With the elections behind us and the winter season approaching, many are watching the housing market for changes in activity.  But much of the recent data seems to support much of what has been talked about on a national level. For Chicago, inventory has decreased throughout single family, attached condos / townhomes as well as multi-units housing. Additionally, closings and contracts written are on the rise as well although median prices overall have dipped slightly as many sellers who have been unable to sell thus far have taken more aggressive positioning in the marketplace before the slowdown during the holidays sets in.

Although not every neighborhood in the city is benefiting from the current sales activity, the data is promising.
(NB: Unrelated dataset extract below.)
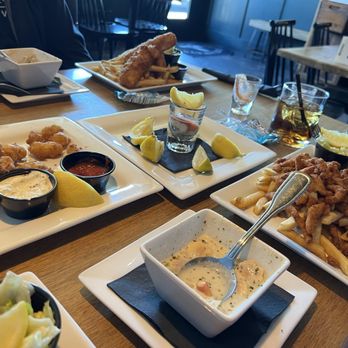 Castaway's Seafood Grille - Pretty much all we ordered. Guys also shared some Oyster shooters. - Seafood Near Me - Long Beach, Washington Castaway's Seafood Grille - Pretty much all we ordered. Guys also shared some Oyster shooters. - Seafood Near Me - Long Beach, Washington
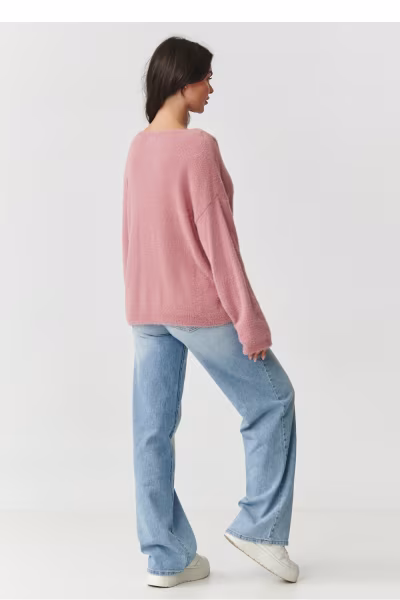 Sweter Damski Model S171 Dirty Pink - Makadamia — zdjęcie 3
Investors have noticed the trend this past year with many investor purchases in attached housing (condominiums) and multi-units, with some areas facing a lack of desirable inventory in available multi-units and commercial properties.

With rental rates still continually increasing throughout many parts of the city, investors have stepped up in purchasing entry level housing, including studios, one and smaller two bedrooms condominiums as rental properties capturing attractive capitalization rates and as first time home buyers either stall their purchase, or skip purchasing a smaller condo, to take advantage of current home prices, the market of entry level condos is wide open for many investors.

To help curb investor units in condo associations, many HOAs have started having discussions on possibly limiting the number of rentals allowed, or other measures to control investors. Some associations have enacted no measures at all and yet carry a small percentage of rental units within the association.

Consumer confidence has been increasing as well, and although the index doesn’t directly impact real estate, as it does other markets, such as retail – it does give insight into the mindset of the country. Are we in a savings or spending mindset? This could lead to an upswing in the business and commercial real estate sector. Trends for these markets typically follow the residential sector, but coupled with more spending, it could make certain businesses and commercial properties more attractive as an investment alternative as multi-units, mixed used buildings inventories remain low.

>> Check out the most current market trends for both residential real estate and commercial real estate

Watch for empty store fronts filling up this spring and previous shopping destinations bringing back retailers and merchants. Even shops on the Mag Mile are getting a head start.